Legislation grapples with preventing cyberbullying without squelching students’ free speech
By Kara Carnley Murrhee
In this post-Columbine age of zero tolerance for school bullying, school administrators take a tough stance against bullying behaviors that occur on campus. But do schools have the authority to censure the often vicious student-on-student bullying, known as “cyberbullying,” that takes place online and away from campus?
Cyberbullying, or the willful and repeated use of cell phones, computers, and other electronic communication devices to harass, intimidate and threaten others, has collided with the public school system in recent years because of the prevalence of communication technologies in today’s youth culture. Though often compared to schoolyard bullying, a key component that differentiates cyberbullying from traditional schoolyard bullying is the use of this technology to harass the victim.
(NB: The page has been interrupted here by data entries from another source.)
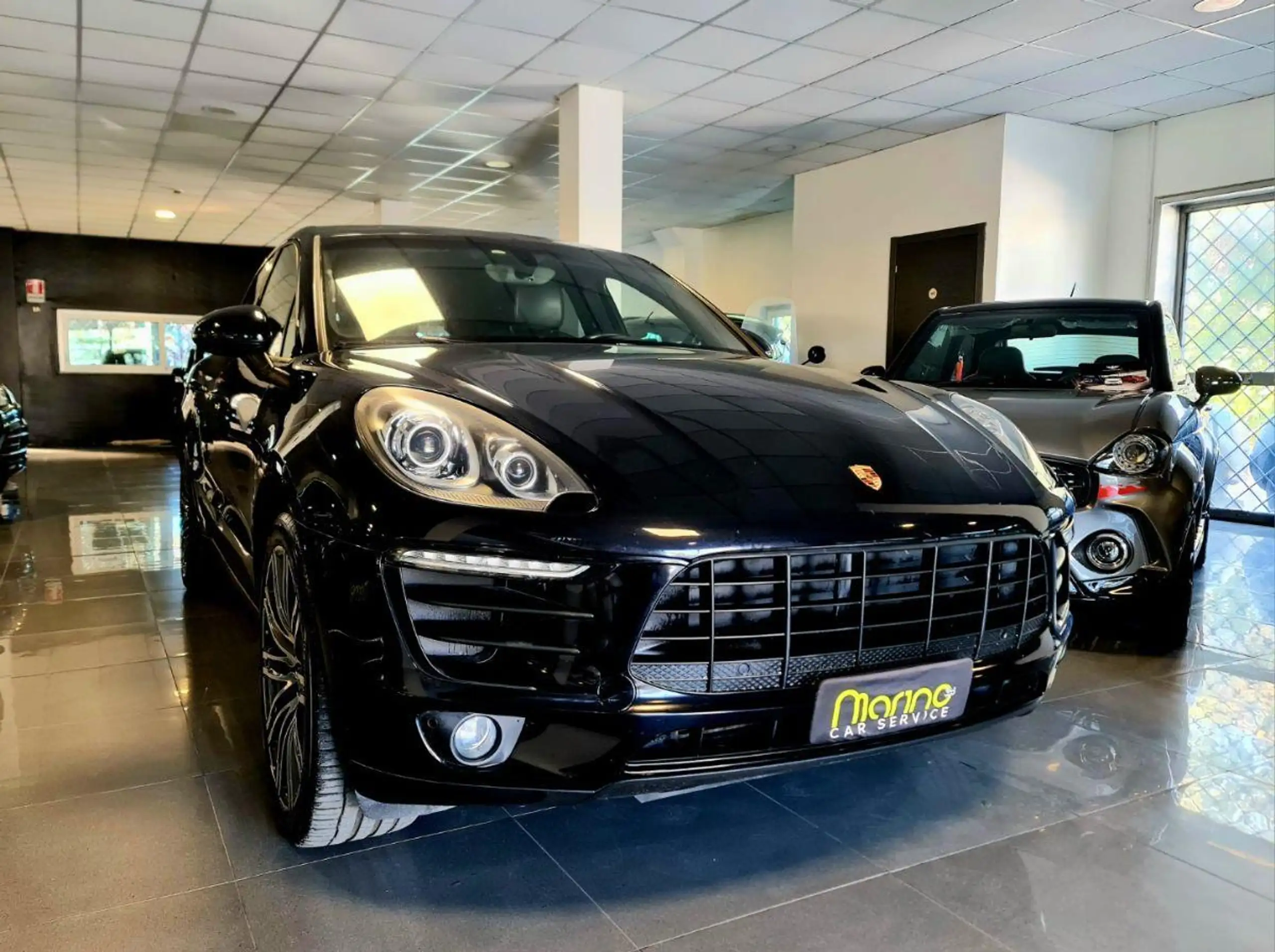 Porsche - Macan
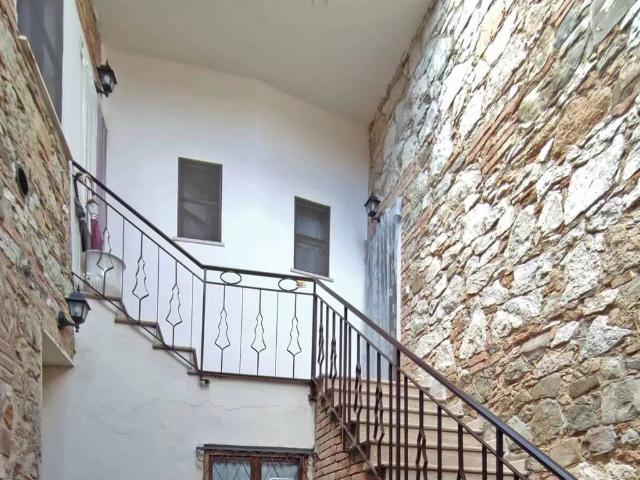 Appartamento in vendita a Montalcino, Toscana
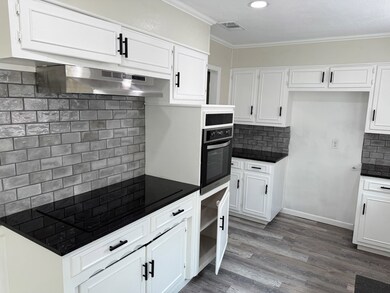 3821 E Everglade Ave, Odessa, TX 79762 - photo 6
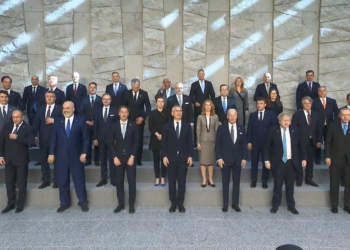 Erdoğan NATO aile fotoğrafı çekimine katıldı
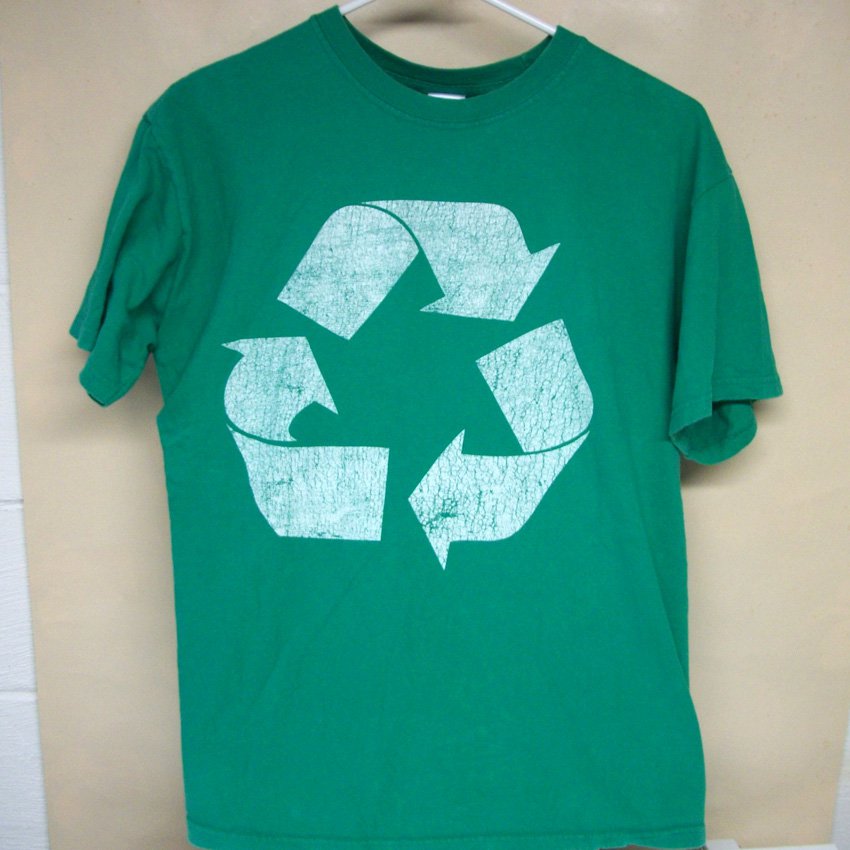 Recycle icon t-shirt Men's Medium green white distresses logo recycling ...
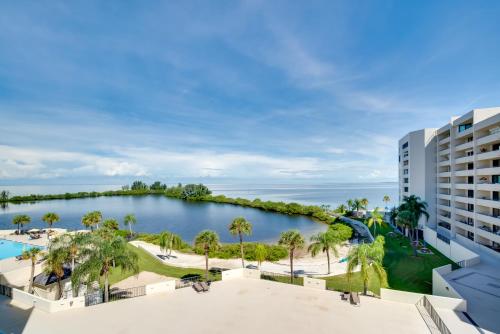 Waterfront Hudson Condo with Amenity Access! in Hudson, USA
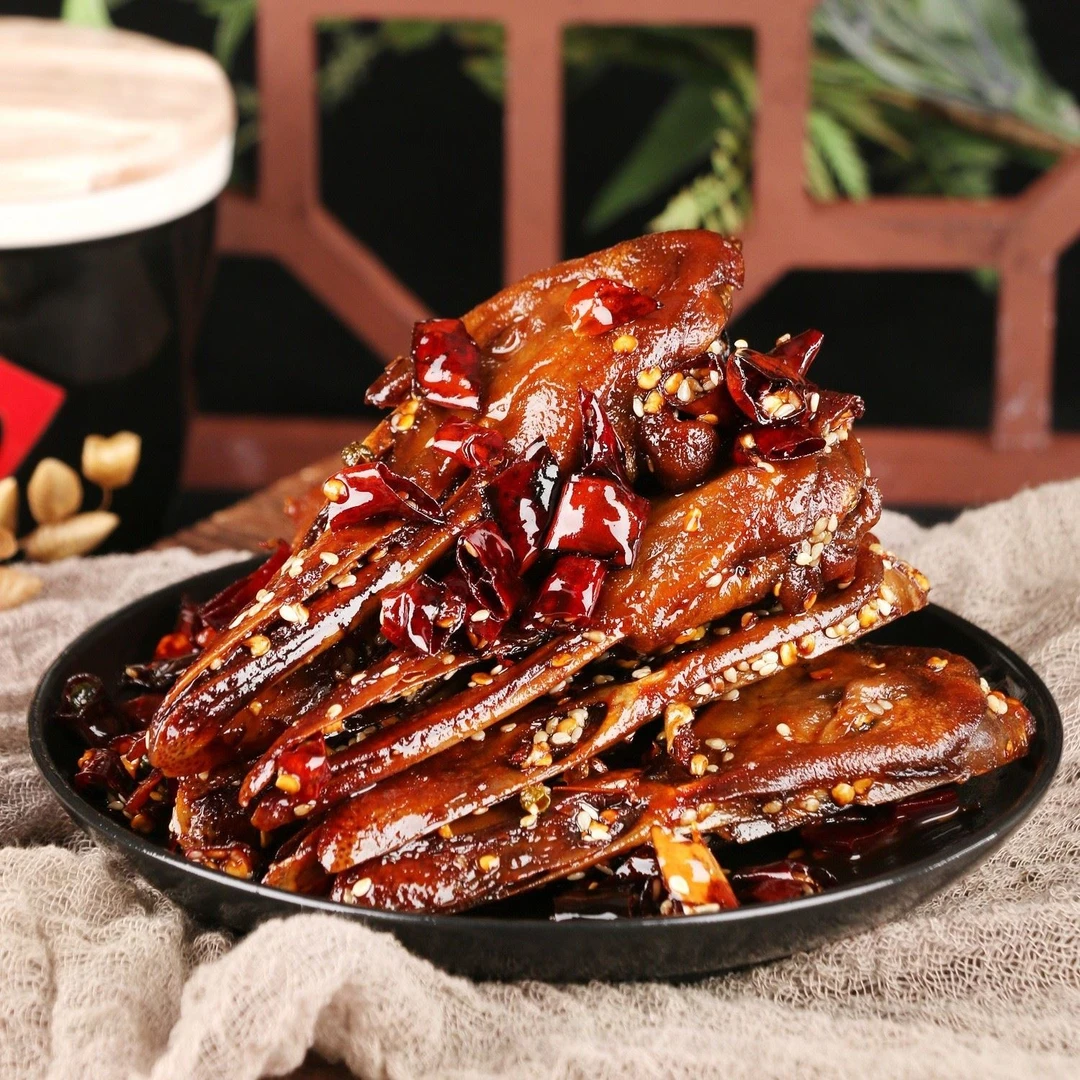 忆长香嘴香酥鸭头重庆特产麻辣鸭肉卤味开袋即食熟零食干煸鸭脑壳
“Behavioral science research shows that cyberbullying affects children in much the same ways that traditional bullying affects them,” said Lauren G. Fasig, (JD 98) director of research for the University of Florida Levin College of Law Center on Children and Families. “That is, victims of both types of bullying may experience a wide range of negative outcomes, including academic, personal, and social problems.”
She noted the dichotomy that exists between science and the law in terms of classifying cyberbullying behavior.
“Bullying is considered a public health problem, and the science considers cyberbullying along the same continuum of abuse as traditional bullying,” Fasig said. “However, recent legal analyses treat cyberbullying as speech.”
Several instances of cyberbullying recently in the news provide insight to the demarcations between protected and unprotected speech.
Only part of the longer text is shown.